As National Transportation Safety Board officials comb the wreckage of the USAir jetliner that crashed Sunday at New York's LaGuardia Airport, hull and liability insurance underwriters in the United States, France and the United Kingdom are checking their wallets.

USAir Flight 405, a Dutch-made twin-engine Fokker F-28 carrying 47 passengers and four crewmembers, crashed during a freak spring snowstorm, burst into flames and skidded into the icy Flushing Bay at the end of the

runway, trapping many on board. Officials are still trying to determine whether the crash was caused by pilot error or weather conditions.John Hughes, spokesman for the Port Authority of New York & New Jersey, which runs LaGuardia Airport, said "at last count" on Monday morning, there were 26 confirmed dead and 25 survivors.

Lloyd's of London; Associated Aviation Underwriters of Short Hills, N.J.; La Reunion Aerienne and CAMAT Aviation, both of Paris, and Cigna of Philadelphia are among the underwriters contributing to USAir's $13 million in

hull coverage and $850 million in liability coverage, according to Scott Keller, a spokesman for the U.S. Department of Transportation.

Associated Aviation Underwriters, a U.S. underwriting pool run by Chubb & Sons of Warren, N.J., and by Continental Insurance Cos. of New York, supplies 30 percent of USAir's liability coverage, Mr.
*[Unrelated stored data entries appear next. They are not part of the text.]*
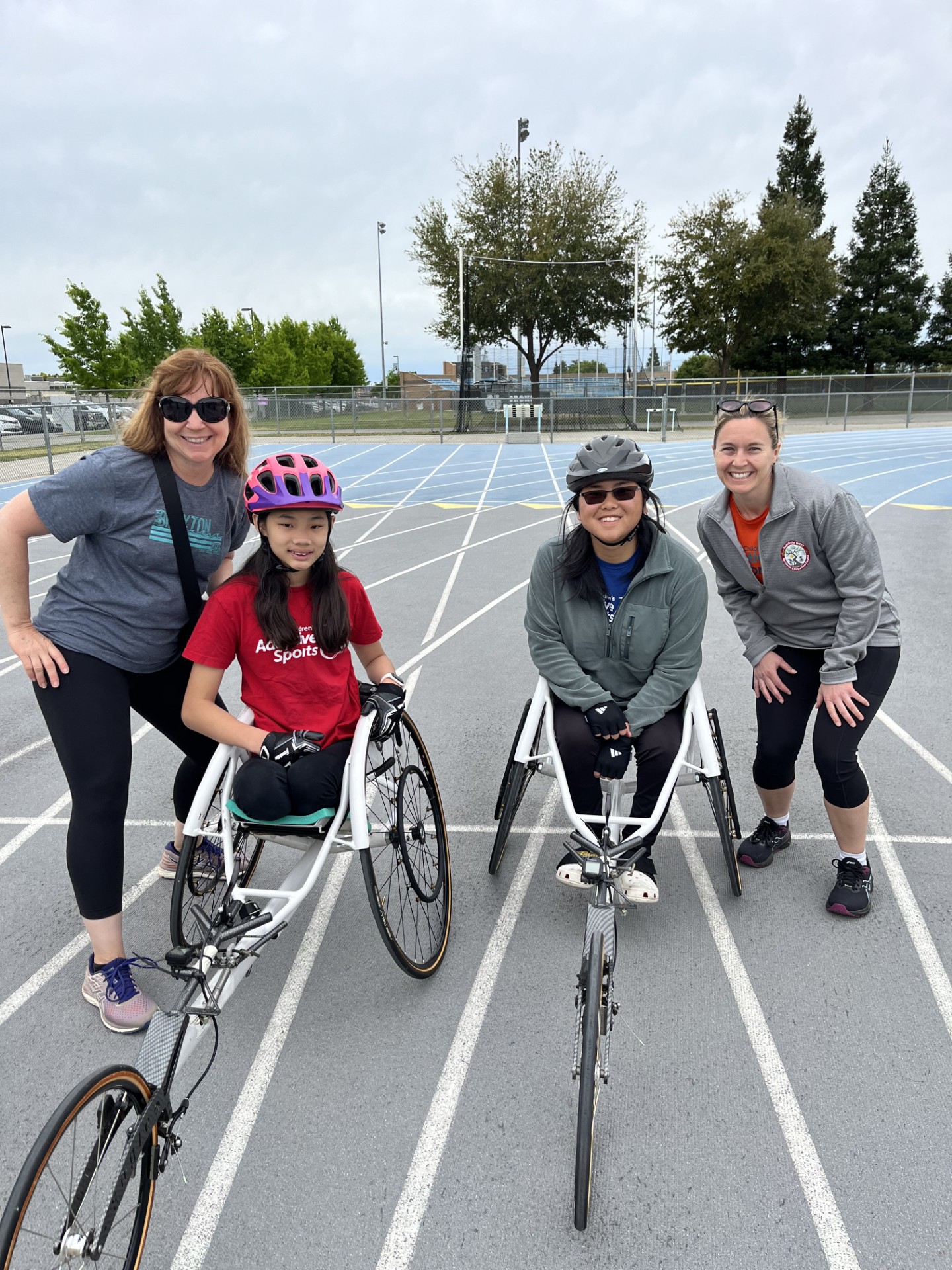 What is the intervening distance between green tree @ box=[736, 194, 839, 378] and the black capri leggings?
38212 millimetres

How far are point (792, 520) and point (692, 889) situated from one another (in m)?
1.39

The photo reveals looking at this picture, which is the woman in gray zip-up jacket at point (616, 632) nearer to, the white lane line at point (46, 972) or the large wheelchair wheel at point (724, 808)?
the large wheelchair wheel at point (724, 808)

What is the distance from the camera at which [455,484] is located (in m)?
16.1

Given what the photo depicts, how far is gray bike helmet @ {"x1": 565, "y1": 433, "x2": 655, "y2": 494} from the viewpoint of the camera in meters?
2.57

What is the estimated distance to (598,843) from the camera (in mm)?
2387

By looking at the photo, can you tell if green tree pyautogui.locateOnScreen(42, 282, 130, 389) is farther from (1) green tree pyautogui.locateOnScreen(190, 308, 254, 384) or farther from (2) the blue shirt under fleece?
(2) the blue shirt under fleece

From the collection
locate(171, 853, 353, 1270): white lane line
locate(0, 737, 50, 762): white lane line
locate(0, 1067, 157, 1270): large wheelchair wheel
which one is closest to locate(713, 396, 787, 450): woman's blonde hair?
locate(171, 853, 353, 1270): white lane line

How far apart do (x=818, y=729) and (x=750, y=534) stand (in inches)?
28.4

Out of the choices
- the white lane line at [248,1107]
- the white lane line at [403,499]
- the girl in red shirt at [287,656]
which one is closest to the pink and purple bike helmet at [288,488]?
the girl in red shirt at [287,656]

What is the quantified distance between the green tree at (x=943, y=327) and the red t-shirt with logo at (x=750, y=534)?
50.7 metres

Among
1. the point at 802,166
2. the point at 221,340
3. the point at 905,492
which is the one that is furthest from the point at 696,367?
the point at 905,492

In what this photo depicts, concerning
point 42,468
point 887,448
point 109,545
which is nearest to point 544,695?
point 109,545

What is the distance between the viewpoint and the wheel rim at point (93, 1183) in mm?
1460

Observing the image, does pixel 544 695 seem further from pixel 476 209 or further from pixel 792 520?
pixel 476 209
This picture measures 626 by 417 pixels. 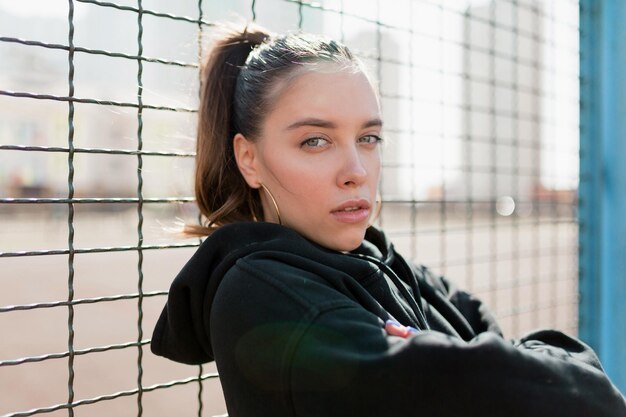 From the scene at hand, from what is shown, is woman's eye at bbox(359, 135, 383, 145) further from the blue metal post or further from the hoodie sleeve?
the blue metal post

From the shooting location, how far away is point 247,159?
141 cm

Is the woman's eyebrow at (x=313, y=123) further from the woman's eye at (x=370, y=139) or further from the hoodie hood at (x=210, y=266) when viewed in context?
the hoodie hood at (x=210, y=266)

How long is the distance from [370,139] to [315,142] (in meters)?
0.14

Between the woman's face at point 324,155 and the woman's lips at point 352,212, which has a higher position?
the woman's face at point 324,155

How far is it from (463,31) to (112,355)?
2.98 m

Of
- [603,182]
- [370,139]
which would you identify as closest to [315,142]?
[370,139]

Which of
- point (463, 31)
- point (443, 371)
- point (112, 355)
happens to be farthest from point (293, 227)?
point (112, 355)

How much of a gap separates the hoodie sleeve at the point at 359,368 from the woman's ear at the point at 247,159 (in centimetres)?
35

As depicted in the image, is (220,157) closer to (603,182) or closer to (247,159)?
(247,159)

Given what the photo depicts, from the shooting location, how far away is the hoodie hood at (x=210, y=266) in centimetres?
120

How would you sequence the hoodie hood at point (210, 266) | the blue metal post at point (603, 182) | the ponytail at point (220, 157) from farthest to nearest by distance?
the blue metal post at point (603, 182) → the ponytail at point (220, 157) → the hoodie hood at point (210, 266)

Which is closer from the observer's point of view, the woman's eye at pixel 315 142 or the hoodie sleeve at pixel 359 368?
the hoodie sleeve at pixel 359 368

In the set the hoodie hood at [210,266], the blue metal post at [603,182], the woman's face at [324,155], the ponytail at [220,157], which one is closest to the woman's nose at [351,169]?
the woman's face at [324,155]

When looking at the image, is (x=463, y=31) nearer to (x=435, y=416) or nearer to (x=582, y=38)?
(x=582, y=38)
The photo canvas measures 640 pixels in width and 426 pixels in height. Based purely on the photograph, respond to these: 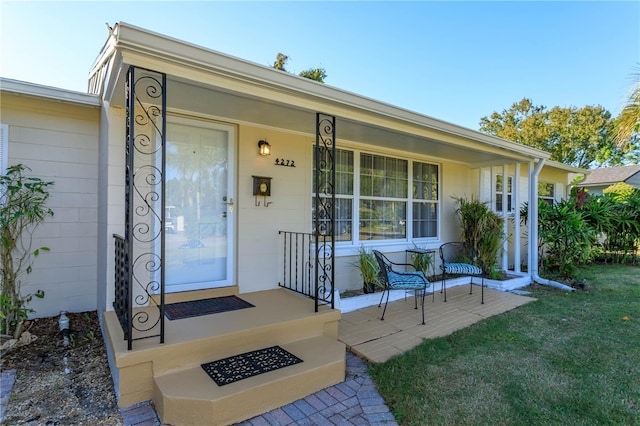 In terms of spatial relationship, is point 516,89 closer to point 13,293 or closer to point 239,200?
point 239,200

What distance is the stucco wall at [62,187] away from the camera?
350cm

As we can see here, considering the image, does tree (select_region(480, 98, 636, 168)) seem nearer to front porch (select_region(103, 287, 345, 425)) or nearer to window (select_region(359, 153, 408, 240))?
window (select_region(359, 153, 408, 240))

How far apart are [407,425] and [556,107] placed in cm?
2471

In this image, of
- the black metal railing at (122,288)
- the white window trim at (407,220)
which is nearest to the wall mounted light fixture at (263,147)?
the white window trim at (407,220)

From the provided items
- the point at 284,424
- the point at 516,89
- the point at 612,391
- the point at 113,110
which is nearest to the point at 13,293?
the point at 113,110

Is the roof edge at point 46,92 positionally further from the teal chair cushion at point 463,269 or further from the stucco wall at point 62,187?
the teal chair cushion at point 463,269

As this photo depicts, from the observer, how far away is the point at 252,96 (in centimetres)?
279

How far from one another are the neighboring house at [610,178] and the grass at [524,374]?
15335mm

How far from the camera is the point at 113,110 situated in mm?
3133

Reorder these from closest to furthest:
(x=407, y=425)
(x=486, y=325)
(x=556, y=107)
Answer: (x=407, y=425) → (x=486, y=325) → (x=556, y=107)

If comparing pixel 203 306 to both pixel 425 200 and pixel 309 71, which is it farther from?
pixel 309 71

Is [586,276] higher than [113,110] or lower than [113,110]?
lower

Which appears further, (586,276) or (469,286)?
(586,276)

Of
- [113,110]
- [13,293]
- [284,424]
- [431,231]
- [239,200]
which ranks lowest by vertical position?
[284,424]
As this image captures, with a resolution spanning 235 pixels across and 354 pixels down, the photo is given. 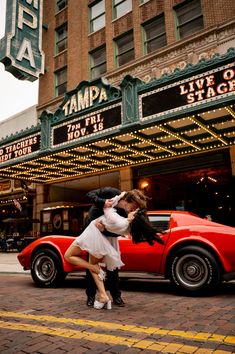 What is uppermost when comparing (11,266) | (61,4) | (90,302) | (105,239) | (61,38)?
(61,4)

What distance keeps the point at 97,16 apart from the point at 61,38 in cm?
334

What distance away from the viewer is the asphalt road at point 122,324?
2551mm

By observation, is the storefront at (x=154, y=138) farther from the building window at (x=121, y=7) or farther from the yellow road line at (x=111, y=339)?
the building window at (x=121, y=7)

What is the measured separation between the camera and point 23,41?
1659 centimetres

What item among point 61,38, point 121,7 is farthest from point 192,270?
point 61,38

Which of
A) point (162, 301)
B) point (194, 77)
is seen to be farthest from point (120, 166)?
point (162, 301)

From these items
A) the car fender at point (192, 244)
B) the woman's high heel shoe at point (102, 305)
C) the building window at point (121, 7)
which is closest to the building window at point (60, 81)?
the building window at point (121, 7)

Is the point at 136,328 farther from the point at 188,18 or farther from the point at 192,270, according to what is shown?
the point at 188,18

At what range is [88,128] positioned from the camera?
10.8 meters

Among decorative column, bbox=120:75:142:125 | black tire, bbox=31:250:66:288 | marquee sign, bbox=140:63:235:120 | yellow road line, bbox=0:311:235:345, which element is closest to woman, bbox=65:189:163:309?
yellow road line, bbox=0:311:235:345

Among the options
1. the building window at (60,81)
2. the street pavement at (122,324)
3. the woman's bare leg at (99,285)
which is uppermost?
the building window at (60,81)

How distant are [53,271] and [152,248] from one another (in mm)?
2115

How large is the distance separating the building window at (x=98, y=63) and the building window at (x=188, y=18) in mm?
4949

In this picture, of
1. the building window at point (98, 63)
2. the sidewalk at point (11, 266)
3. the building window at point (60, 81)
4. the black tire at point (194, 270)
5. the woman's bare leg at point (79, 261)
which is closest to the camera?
the woman's bare leg at point (79, 261) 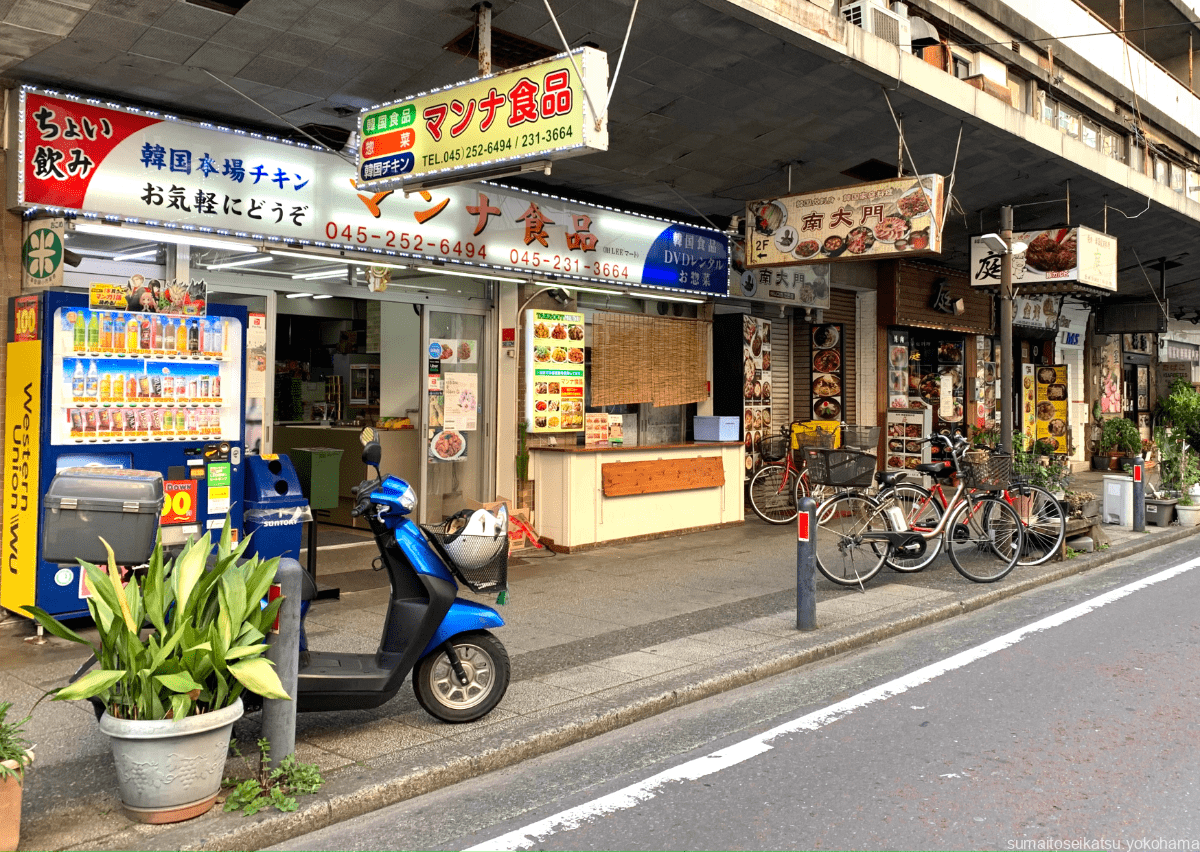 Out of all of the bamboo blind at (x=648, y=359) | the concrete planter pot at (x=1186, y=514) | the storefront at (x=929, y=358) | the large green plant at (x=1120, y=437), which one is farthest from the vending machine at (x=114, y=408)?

Keller said.

Lloyd's underwriters, which supply approximately 26 percent of USAir's liability coverage, were awaiting more information before they could comment on the New York City crash, according to Nick Doak, a Lloyd's spokesman.

USAir's insurance contract was only just renewed on Feb. 1, according to Catherine Aiello, a spokeswoman for Alexander & Alexander Inc., the airline's insurance broker.

The liability coverage includes bodily injury to those on the ground and property damage on the ground, as well as passenger bodily injury, said Mr. Keller of the Transportation Department.

"We try to assure that the carrier has coverage on file to ensure that it has the minimum insurance coverage limits," Mr. Keller said. "They've got lots of insurance."

That point may be debated, however, if the pilot is found to have been negligent.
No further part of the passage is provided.